This morning when I pulled the Ten of Swords, the image of me screaming in the shower after seeing a new meeting scheduled at 6PM came into my mind. I was furious especially since the invite came only minutes before the scheduled meeting time. December has been a trying time work-wise. I have been working overtime almost every day. I am exhausted by the end of each week.
In short, I am in the middle of a major burn-out, meetings fatigues and in severe need of time off.
So, The Ten of Swords appearance wasn’t a surprise, even though it’s not even the end of week yet. I am sure it’s the depleted vibe I have been carrying around with my mind all scrambled.

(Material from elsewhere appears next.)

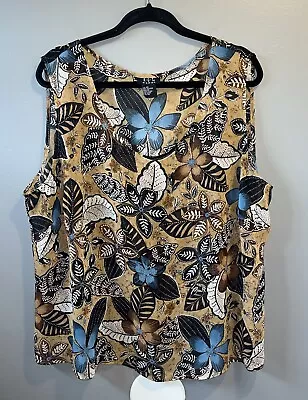 RQT Woman Sleeveless Floral Blouse Womens Plus Size 2X Lightweight Sheer • $12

Ten of Swords proclaims that enough is enough. And to know when to tell that to someone, anyone, including myself.
I took today’s message from the Ten of Swords as to remove the “swords” that are stabbing the tree trunk (of my mind, of my spirit and of life in general), as depicted in The Spacious Tarot deck. To remove my worries and pressure I put myself through. Even if it’s not all together at once, at least one by one.
For a split second I thought the card was suggesting for me to get an acupuncture therapy to release some stress. Maybe I should consider it. Either way, it’s not going to happen today as I can’t wait to crash on the bed.
Keywords: The end. Exhausted. Surrender. Betrayal. Self-sabotage. Intolerable.